------ RECORDS SHOWN ------

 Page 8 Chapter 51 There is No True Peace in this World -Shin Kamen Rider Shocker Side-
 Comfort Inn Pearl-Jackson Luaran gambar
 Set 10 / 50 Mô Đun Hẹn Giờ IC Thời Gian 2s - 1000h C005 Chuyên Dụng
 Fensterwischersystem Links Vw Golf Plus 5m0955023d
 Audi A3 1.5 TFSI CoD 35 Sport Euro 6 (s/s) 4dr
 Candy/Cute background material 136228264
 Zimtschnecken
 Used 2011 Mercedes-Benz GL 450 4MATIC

------
------ RECORDS SHOWN ------

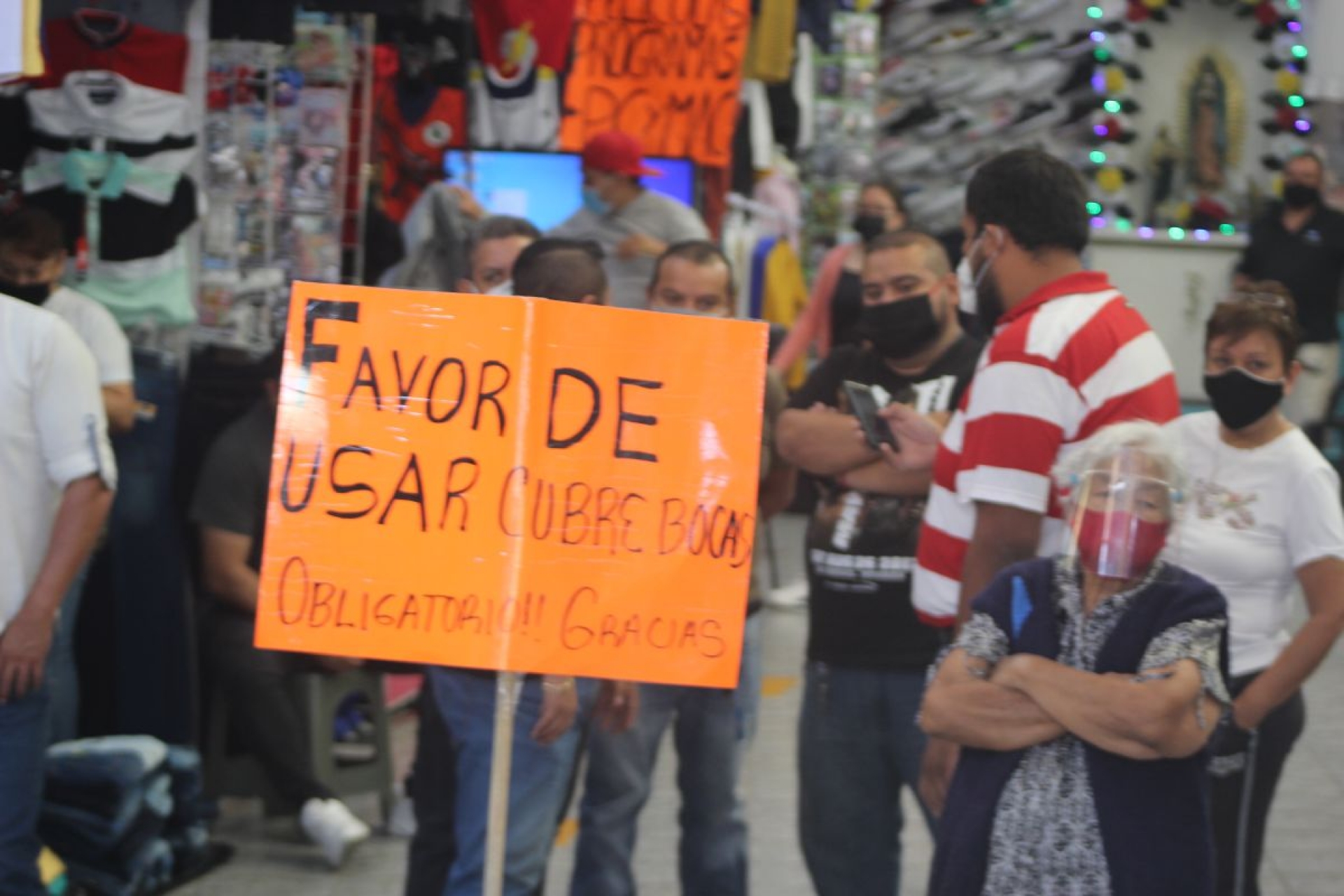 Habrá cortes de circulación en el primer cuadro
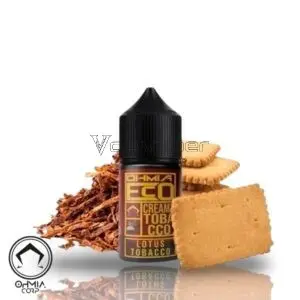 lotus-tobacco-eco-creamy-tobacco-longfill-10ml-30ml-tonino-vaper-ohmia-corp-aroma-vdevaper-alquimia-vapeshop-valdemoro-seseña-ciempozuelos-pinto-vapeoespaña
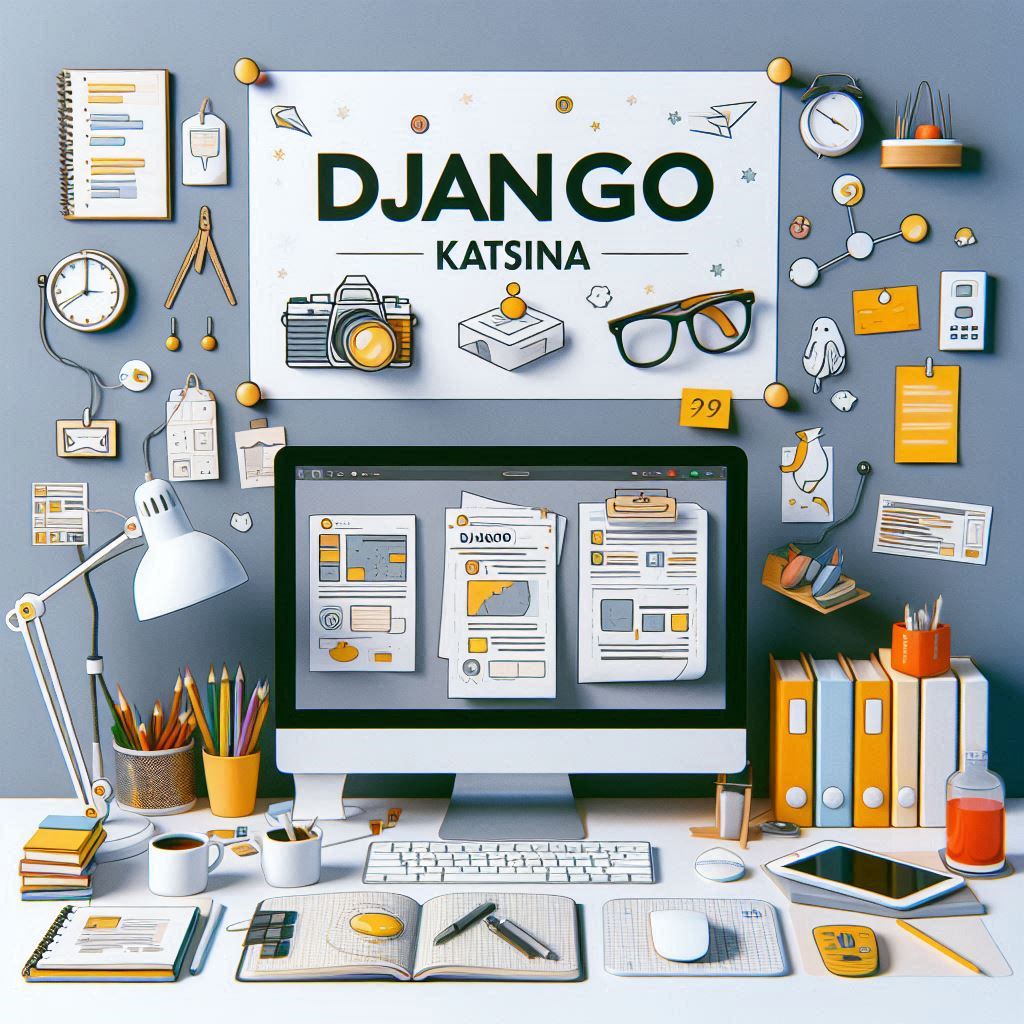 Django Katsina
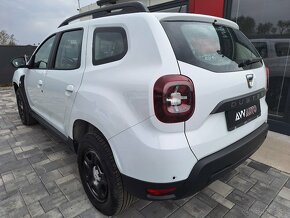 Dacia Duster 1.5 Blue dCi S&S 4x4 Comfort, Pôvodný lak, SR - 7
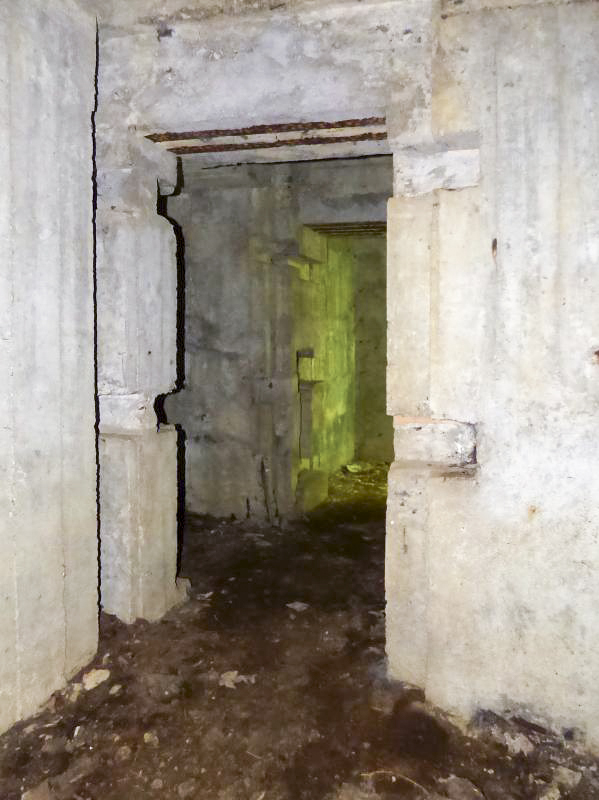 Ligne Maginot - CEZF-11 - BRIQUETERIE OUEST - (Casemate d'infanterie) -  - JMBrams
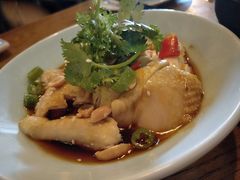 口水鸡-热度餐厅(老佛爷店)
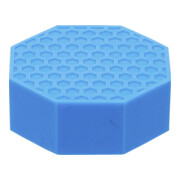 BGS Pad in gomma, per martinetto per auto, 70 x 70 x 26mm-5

------
------ RECORDS SHOWN ------

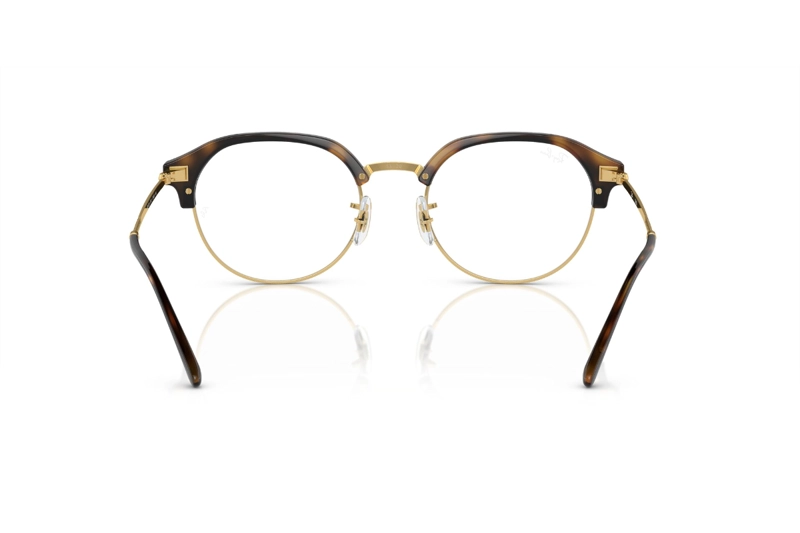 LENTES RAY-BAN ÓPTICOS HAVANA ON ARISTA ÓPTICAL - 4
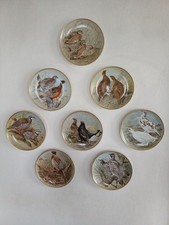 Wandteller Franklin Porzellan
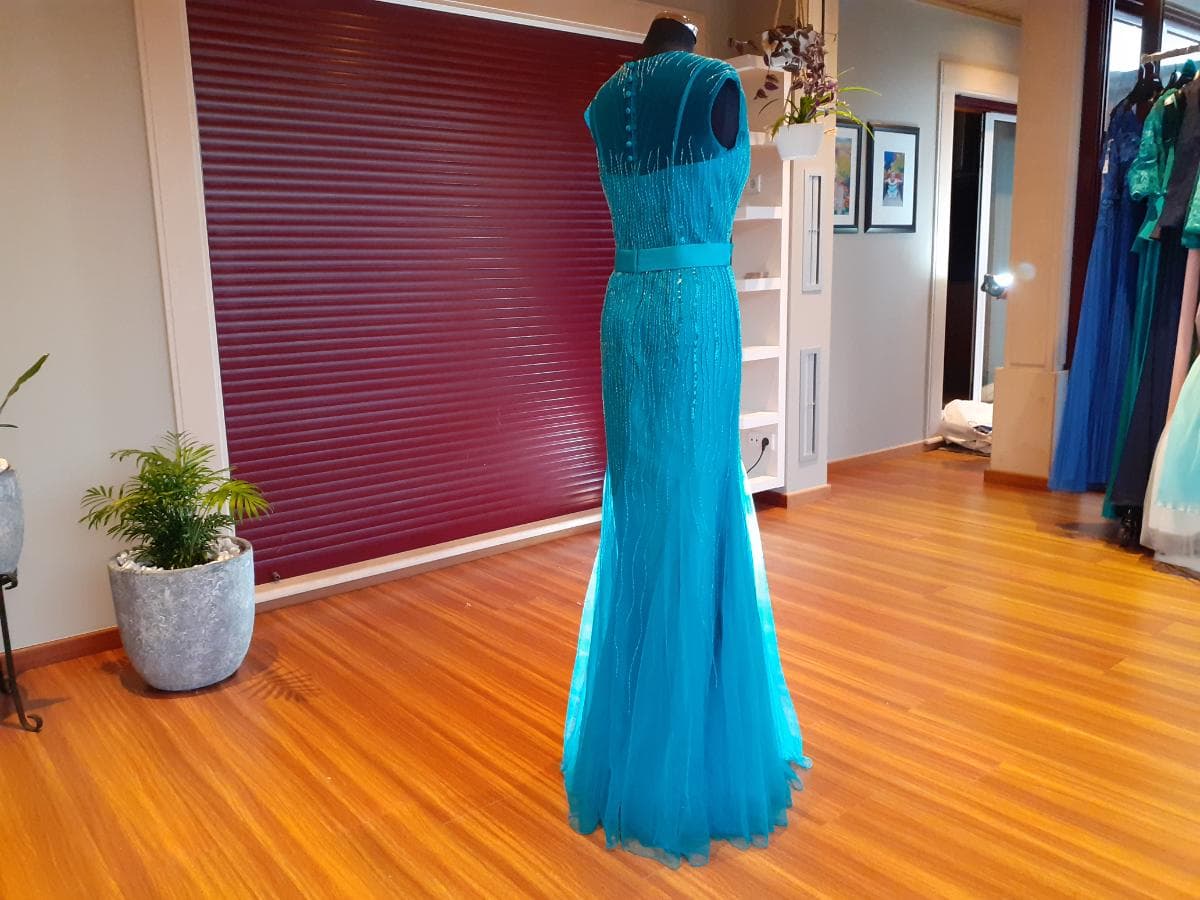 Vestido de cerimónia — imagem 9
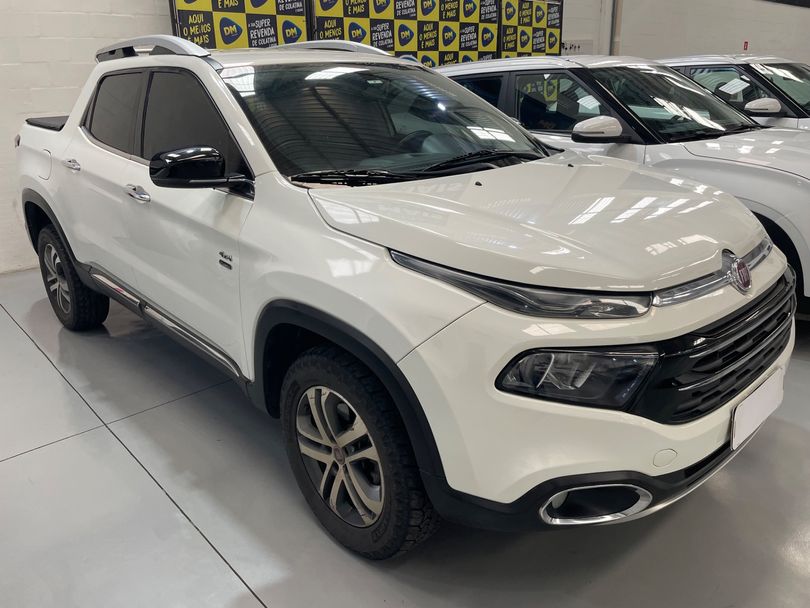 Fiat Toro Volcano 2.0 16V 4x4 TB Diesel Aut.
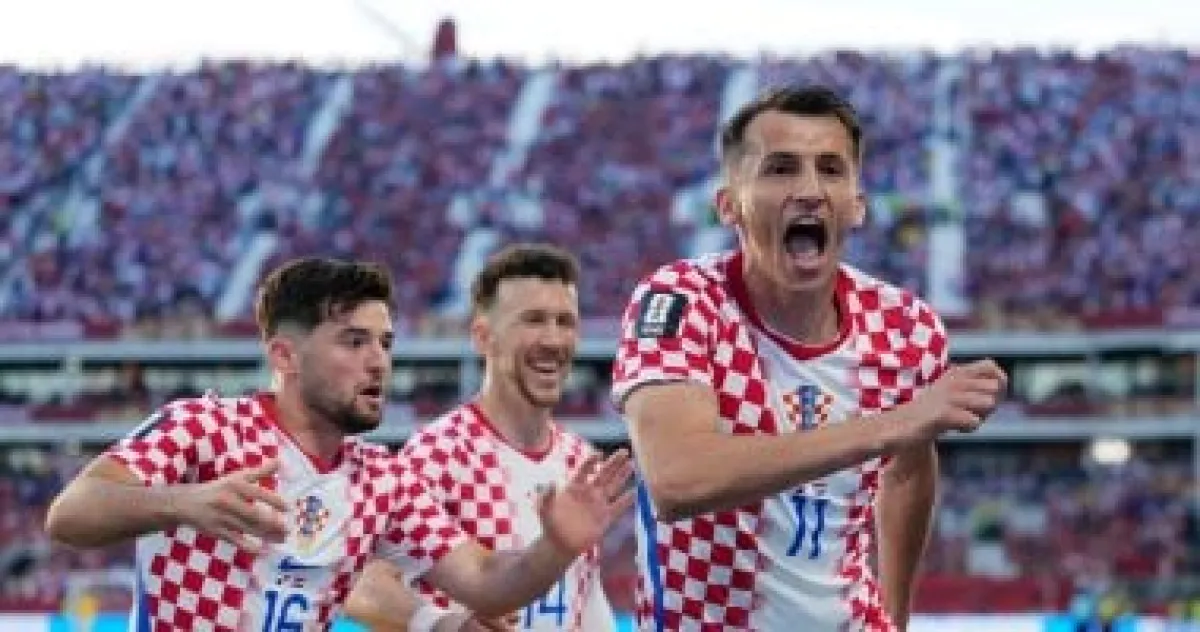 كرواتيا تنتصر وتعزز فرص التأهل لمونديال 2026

------

Repeat word for word the lines above that run from the line containing "Page 8 Chapter" through the line containing "Used 2011 Mercedes-Benz GL 450 4MATIC", both ends included, and nothing else.

**SOLUTION FOR THIS EXERCISE**
 Page 8 Chapter 51 There is No True Peace in this World -Shin Kamen Rider Shocker Side-
 Comfort Inn Pearl-Jackson Luaran gambar
 Set 10 / 50 Mô Đun Hẹn Giờ IC Thời Gian 2s - 1000h C005 Chuyên Dụng
 Fensterwischersystem Links Vw Golf Plus 5m0955023d
 Audi A3 1.5 TFSI CoD 35 Sport Euro 6 (s/s) 4dr
 Candy/Cute background material 136228264
 Zimtschnecken
 Used 2011 Mercedes-Benz GL 450 4MATIC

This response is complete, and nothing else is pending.